JSS : Les juridictions
sont-elles prêtes à appliquer ce décret ? La question se pose notamment sur la
disponibilité des médiateurs, conciliateurs et experts…
F.V. : L’offre
de médiation et de conciliation reste aujourd’hui très disparate selon les
territoires, comme nous avons pu le constater lors des ambassades de l’amiable.

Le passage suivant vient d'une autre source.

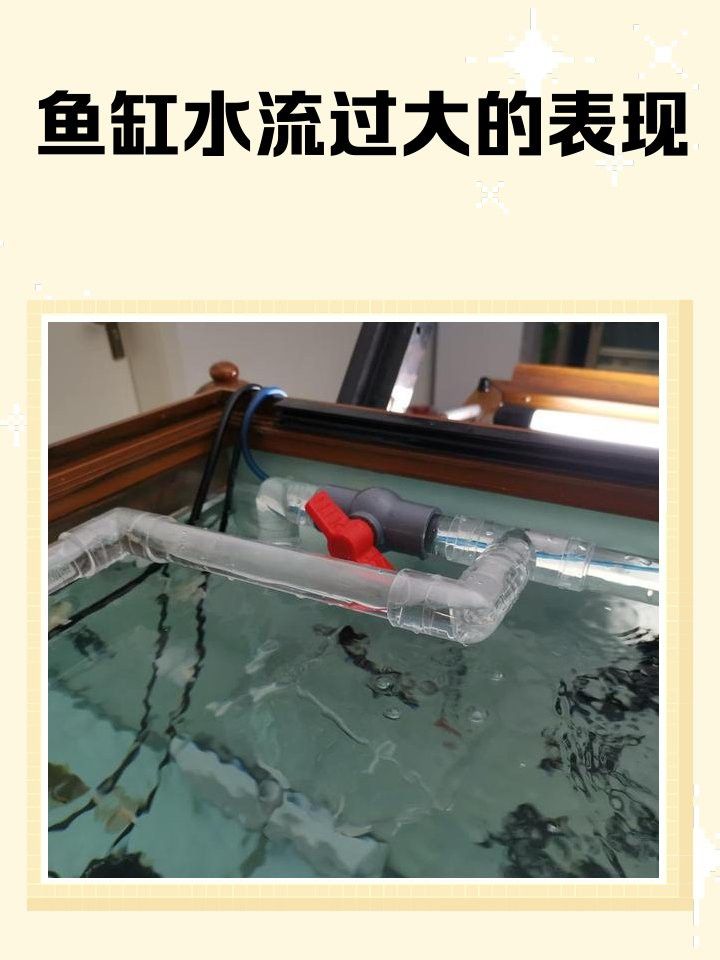 點金龍魚需要多大的水流？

Or, une véritable politique publique suppose des objectifs, des moyens et une
évaluation. Nous n’en sommes qu’aux prémices, mais des signes encourageants
existent : le nombre de personnes formées chaque année à la médiation augmente,
tout comme celui des conciliateurs de justice. Et, grande première, le 27 juin
2025, le garde des Sceaux Gérald Darmanin a publié une circulaire sur la
politique civile comportant un volet consacré à l’amiable. Chaque juridiction
devra désormais consacrer une séance de son conseil de juridiction à cette
politique.
Après des décennies d’abandon
de la justice civile et de relative indifférence vis-à-vis des modes amiables,
cette volonté de les sortir de l’invisibilité doit être saluée, même si le
chemin reste encore long. Rappelons que la justice civile et commerciale
représente plus de 1,9 million de décisions chaque année, et que son bon
fonctionnement conditionne en grande partie la paix sociale de notre pays.